Replace the "pattern" on second-to-last line of a file - sed

I have to replace a "pattern" with a "string" on the second-to-last line of the file - file.txt.
The below three sed commands are able to print the second-to-last line. But I need to replace a "pattern" with a "string". Any help??
sed -e '$!{h;d;}' -e x file.txt
sed -n 'x;$p' file.txt
sed 'x;$!d' file.txt
$ cat file.txt
cabbage
spinach
collard greens
corn salad
Sweet pepper
kale
How to replace the second-to-last line of a file (Sweet pepper):
a. replace "Sweet" with "green" if second-to-last line contains "Sweet pepper"
b. replace the whole line with "carrots", no matter what it contains

To change Sweet to Green on the second to last line but only if that line contains Sweet pepper:
$ sed 'x; ${/Sweet pepper/s/Sweet/Green/;p;x}; 1d' file.txt
cabbage
spinach
collard greens
corn salad
Green pepper
kale
To replace the whole of the second to last line, regardless of what it contains, to carrots:
$ sed 'x; ${s/.*/carrots/;p;x}; 1d' file.txt
cabbage
spinach
collard greens
corn salad
carrots
kale
How it works
Let's take this command and examine it one step at a time:
sed 'x; ${s/.*/carrots/;p;x}; 1d'
x
This exchanges the pattern space (which holds the most recently read line) and the hold space.
When this is done, the hold space will contain the most recently read line and the pattern space will contain the previous line.
(The exception is when we have just read the first line. In that case, the hold space will have the first line and the pattern space will be empty.)
${s/.*/carrots/;p;x}
When we are on the last line, indicated by the $, the pattern space holds the second to last line and we can perform whatever substitutions or other commands that we like. When we are done, we print the second to last line with p.

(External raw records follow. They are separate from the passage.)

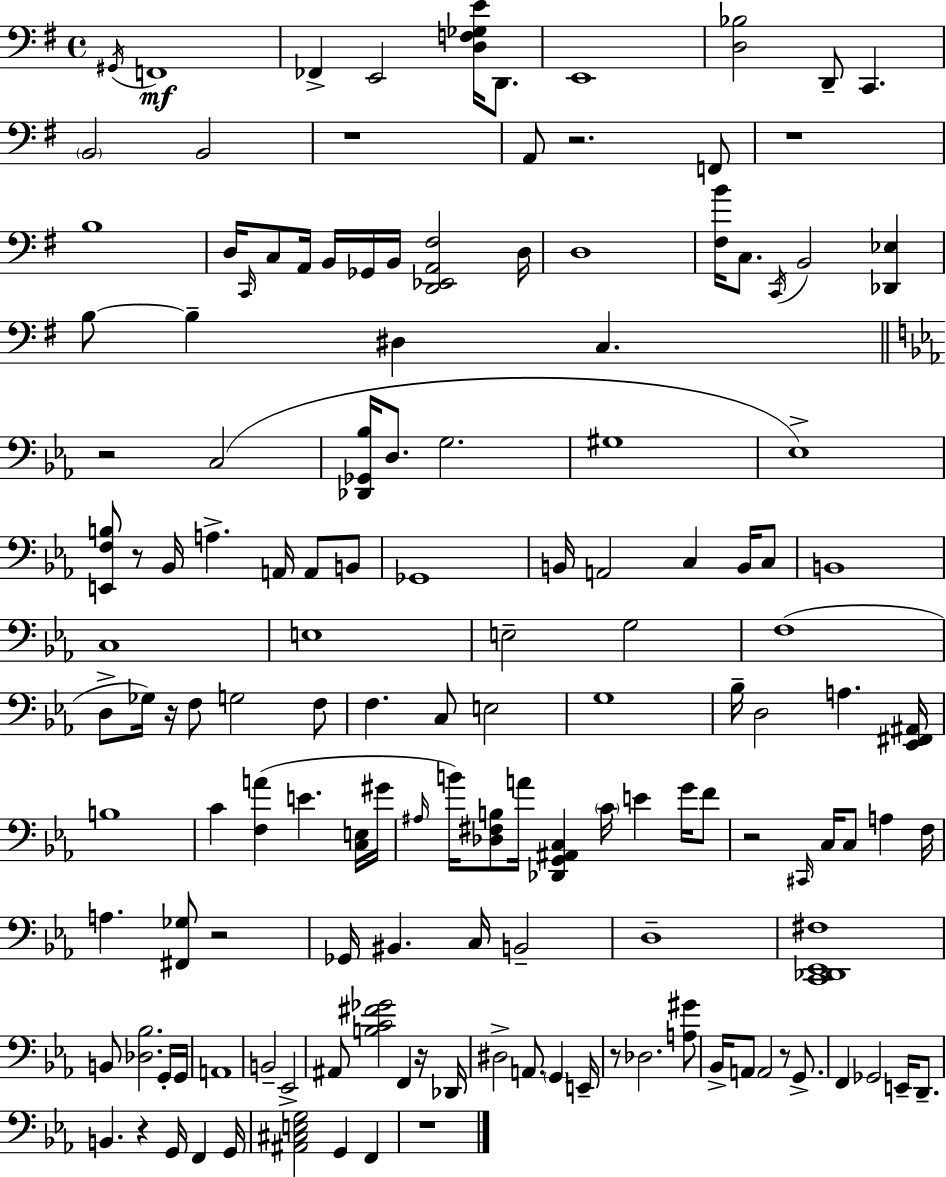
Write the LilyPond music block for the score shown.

{
  \clef bass
  \time 4/4
  \defaultTimeSignature
  \key e \minor
  \acciaccatura { gis,16 }\mf f,1 | fes,4-> e,2 <d f ges e'>16 d,8. | e,1 | <d bes>2 d,8-- c,4. | \break \parenthesize b,2 b,2 | r1 | a,8 r2. f,8 | r1 | \break b1 | d16 \grace { c,16 } c8 a,16 b,16 ges,16 b,16 <d, ees, a, fis>2 | d16 d1 | <fis b'>16 c8. \acciaccatura { c,16 } b,2 <des, ees>4 | \break b8~~ b4-- dis4 c4. | \bar "||" \break \key ees \major r2 c2( | <des, ges, bes>16 d8. g2. | gis1 | ees1->) | \break <e, f b>8 r8 bes,16 a4.-> a,16 a,8 b,8 | ges,1 | b,16 a,2 c4 b,16 c8 | b,1 | \break c1 | e1 | e2-- g2 | f1( | \break d8-> ges16) r16 f8 g2 f8 | f4. c8 e2 | g1 | bes16-- d2 a4. <ees, fis, ais,>16 | \break b1 | c'4 <f a'>4( e'4. <c e>16 gis'16 | \grace { ais16 } b'16) <des fis b>8 a'16 <des, g, ais, c>4 \parenthesize c'16 e'4 g'16 f'8 | r2 \grace { cis,16 } c16 c8 a4 | \break f16 a4. <fis, ges>8 r2 | ges,16 bis,4. c16 b,2-- | d1-- | <c, des, ees, fis>1 | \break b,8 <des bes>2. | g,16-. g,16 a,1 | b,2-- ees,2-> | ais,8 <b c' fis' ges'>2 f,4 | \break r16 des,16 dis2-> a,8. \parenthesize g,4 | e,16-- r8 des2. | <a gis'>8 bes,16-> a,8 a,2 r8 g,8.-> | f,4 ges,2 e,16-- d,8.-- | \break b,4. r4 g,16 f,4 | g,16 <ais, cis e g>2 g,4 f,4 | r1 | \bar "|."
} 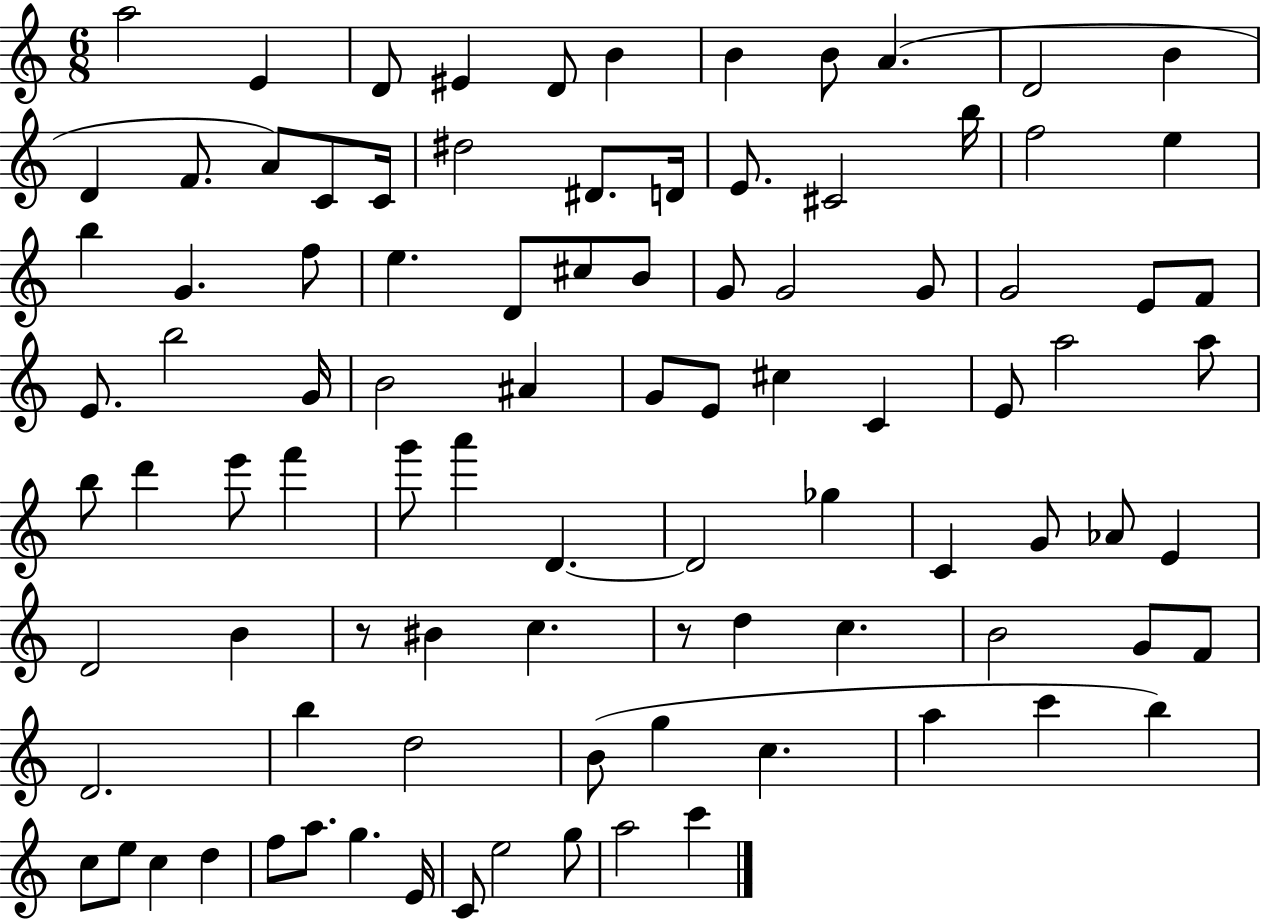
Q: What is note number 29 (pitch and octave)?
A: D4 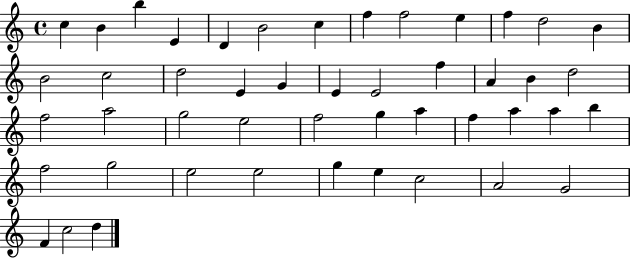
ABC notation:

X:1
T:Untitled
M:4/4
L:1/4
K:C
c B b E D B2 c f f2 e f d2 B B2 c2 d2 E G E E2 f A B d2 f2 a2 g2 e2 f2 g a f a a b f2 g2 e2 e2 g e c2 A2 G2 F c2 d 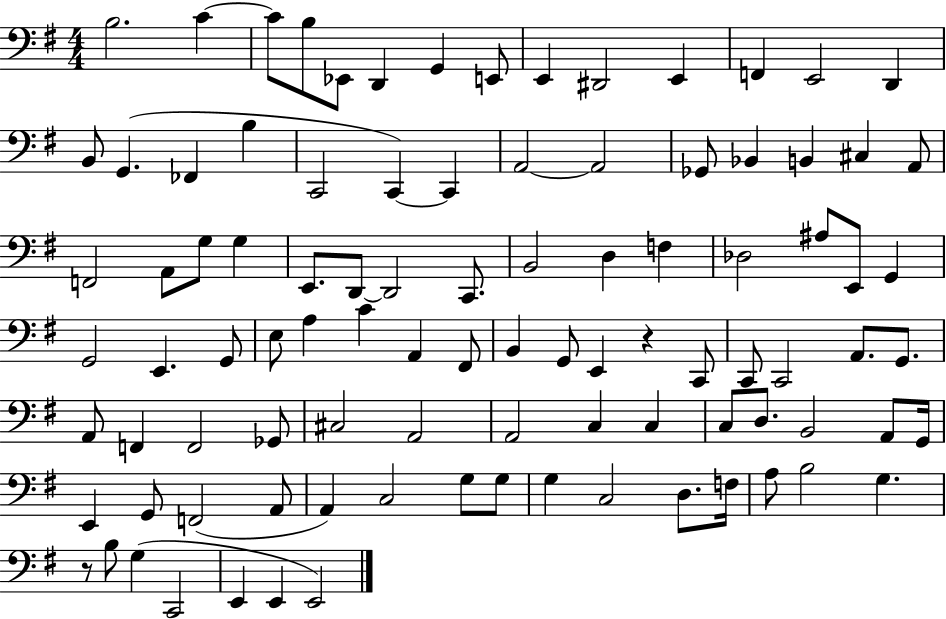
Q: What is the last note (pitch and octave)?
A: E2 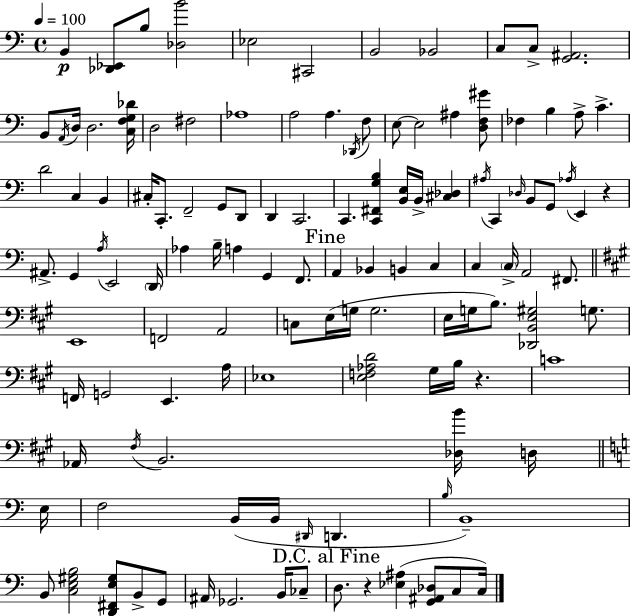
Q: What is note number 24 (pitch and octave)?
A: B3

Lastly, we swap pattern and hold space again with x so that the pattern space will again contain the last line. sed will print this because, by default, at the end of the commands, sed prints whatever is in the pattern space.
1d
When we are on the first line, indicated by the 1, the patten space is empty (because there was no previous line) and we delete it (d).
A still simpler method
This method is easy to understand at the cost of slower execution speed:
$ tac file.txt | sed '2 {/Sweet pepper/s/Sweet/Green/}' | tac
cabbage
spinach
collard greens
corn salad
Green pepper
kale
And, for carrots:
$ tac file.txt | sed '2 s/.*/carrots/' | tac
cabbage
spinach
collard greens
corn salad
carrots
kale
How it works: Here, we use tac to reverse the order of the lines. Observe:
$ tac file.txt
kale
Sweet pepper
corn salad
collard greens
spinach
cabbage
In this way, the second-to-last line becomes line number 2. Thus, we just simply tell sed to operate on line number 2. Afterward, we use tac again to put the lines but in correct order.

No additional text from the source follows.